The second charging circuit further comprises a control power supply circuit; the control power supply circuit comprises a voltage stabilizing chip, a VIN pin of the voltage stabilizing chip is connected with the anode of the second output interface through a first input diode, the VIN pin of the voltage stabilizing chip is also connected with the output end of the second flyback conversion circuit through a second input diode and an input inductor, and a VOUT pin of the voltage stabilizing chip is used for outputting a control power supply.

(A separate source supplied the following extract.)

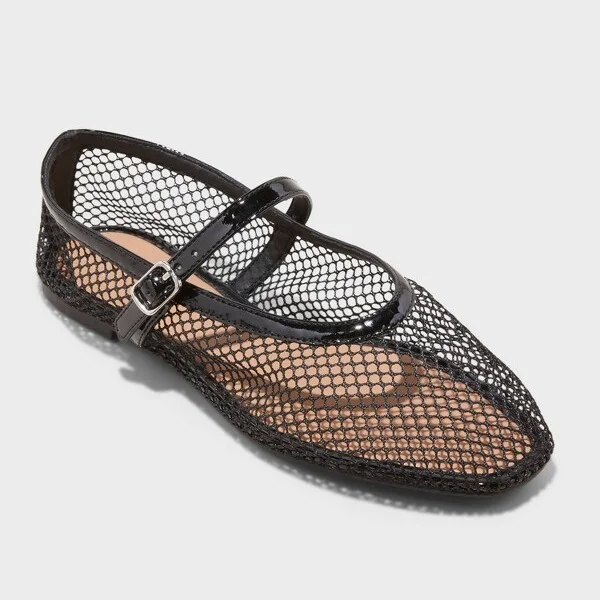 Women's Issa Mesh Mary Jane Ballet Flats with Memory Foam Insole - A New Day™ : Medium Width, Closed Almond Toe, Pull-On Style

The second charging circuit further comprises an optical coupler acquisition circuit; and the input side of the optical coupling acquisition circuit is connected with the first output interface, and the output side of the optical coupling acquisition circuit is connected with the base of a second regulating triode Q402.

After the technical scheme is adopted, the utility model discloses a first charging circuit's first flyback converter circuit and second charging circuit's second flyback converter circuit can realize output isolation each other through respective flyback transformer for first charging circuit and second charging circuit can independently export, and then make and be used for not receiving the influence that is used for the second charging circuit who charges for the battery for the first charging circuit that the electronic product charges, guarantee the charging effect of electronic product.

Drawings

FIG. 1 is a schematic block diagram of the present invention;

fig. 2 is a schematic circuit diagram of an input circuit according to the present invention;

fig. 3 is a schematic circuit diagram of a first charging circuit of the present invention;

fig. 4 is a schematic circuit diagram of a second flyback converter circuit of the second charging circuit of the present invention;

fig. 5 is the utility model discloses a second charging circuit's second output interface, MCU charge control circuit, control power supply circuit and opto-coupler acquisition circuit's circuit schematic diagram.

Detailed Description

In order to further explain the technical solution of the present invention, the present invention is explained in detail by the following embodiments.

As shown in fig. 1 to 5, the present invention discloses a dual independent charging circuit, which includes an input circuit, a first charging circuit for charging an electronic product, and a second charging circuit for charging a battery; the input circuit is used for accessing an external alternating current power supply and converting external alternating current into input direct current; the first charging circuit is used for accessing the output direct current output by the output circuit and converting the output direct current into first output direct current to charge the electronic product, and comprises a first flyback conversion circuit connected with the input circuit, a first output interface connected with the first flyback conversion circuit and a PD charging control circuit connected with the first flyback conversion circuit and the first output interface; the second charging circuit is used for accessing the output direct current output by the output circuit and converting the output direct current into second output direct current to charge the battery, and comprises a second flyback conversion circuit connected with the input circuit, a second output interface connected with the second flyback conversion circuit and an MCU charging control circuit connected with the second flyback conversion circuit and the second output interface.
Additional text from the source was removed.